===== MATERIAL PROVIDED =====

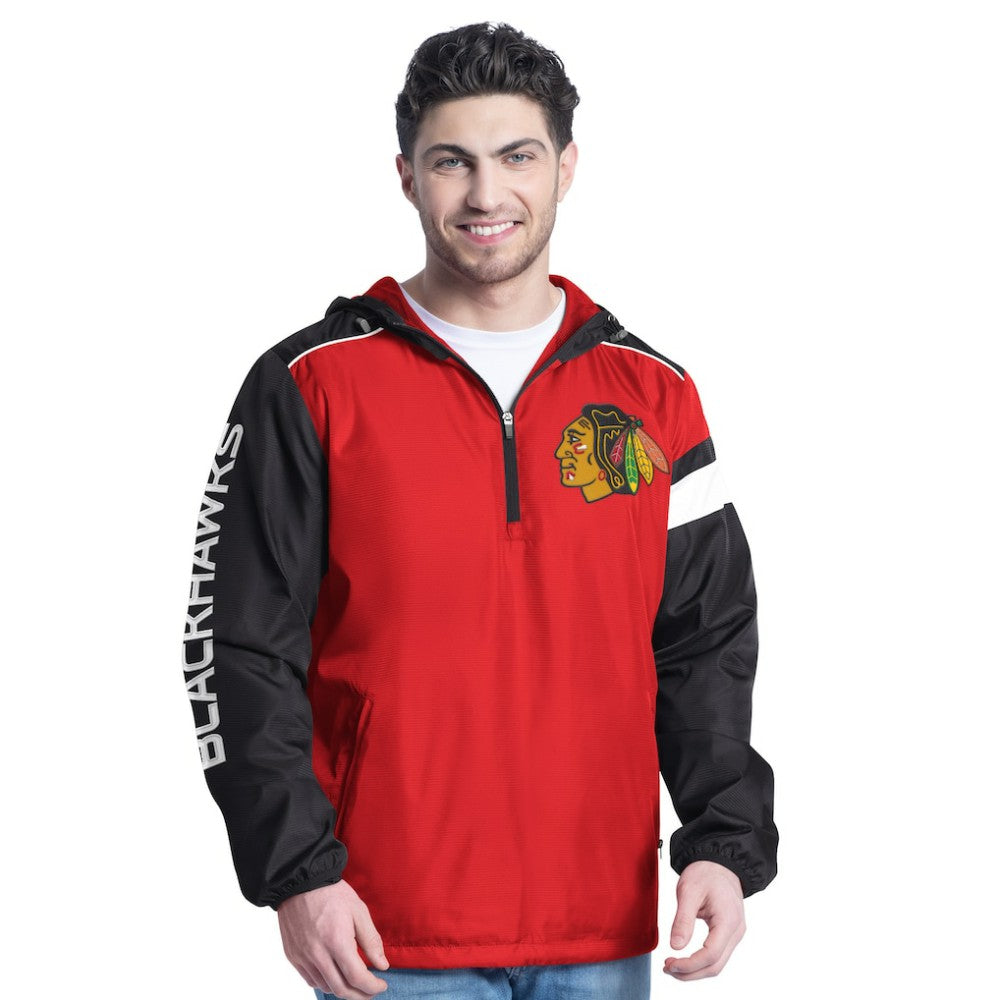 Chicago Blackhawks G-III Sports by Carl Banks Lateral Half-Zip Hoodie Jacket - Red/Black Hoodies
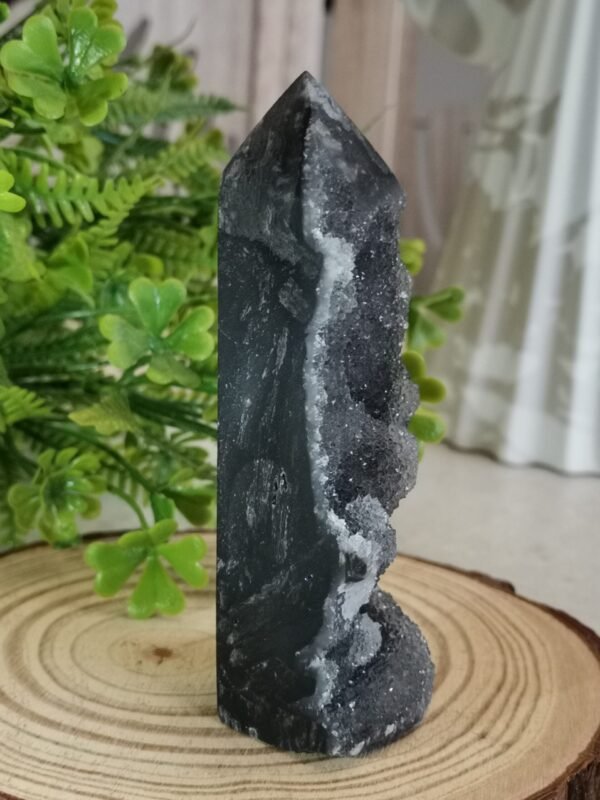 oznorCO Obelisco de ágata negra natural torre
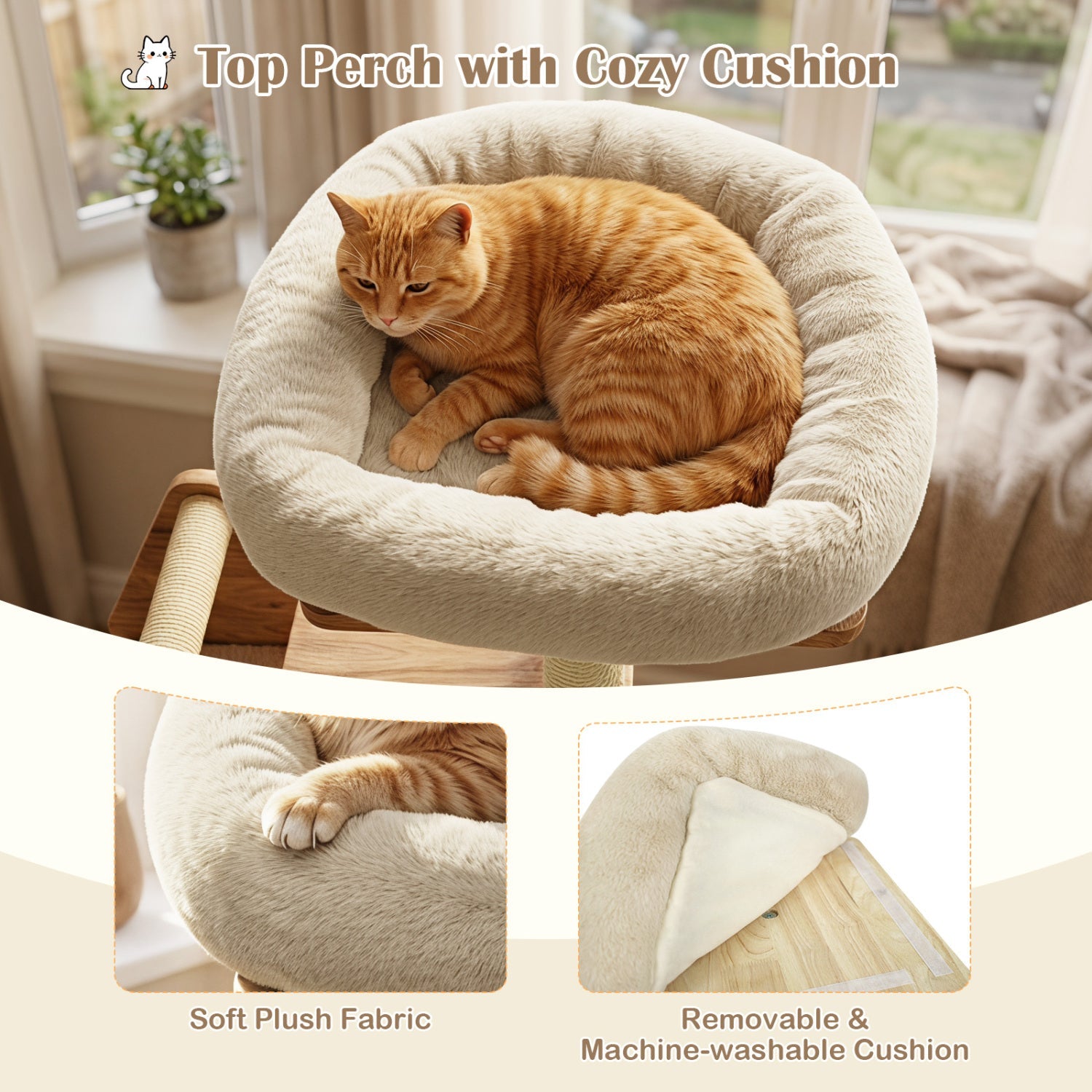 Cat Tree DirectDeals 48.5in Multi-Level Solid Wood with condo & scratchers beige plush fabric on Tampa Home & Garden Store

=====

§ ACTIVITY
Up to and including the line containing "oznorCO Obelisco de", repeat every line from the start of the data, but none of the pictures.

§ YOUR RESPONSE
 Chicago Blackhawks G-III Sports by Carl Banks Lateral Half-Zip Hoodie Jacket - Red/Black Hoodies
 oznorCO Obelisco de ágata negra natural torre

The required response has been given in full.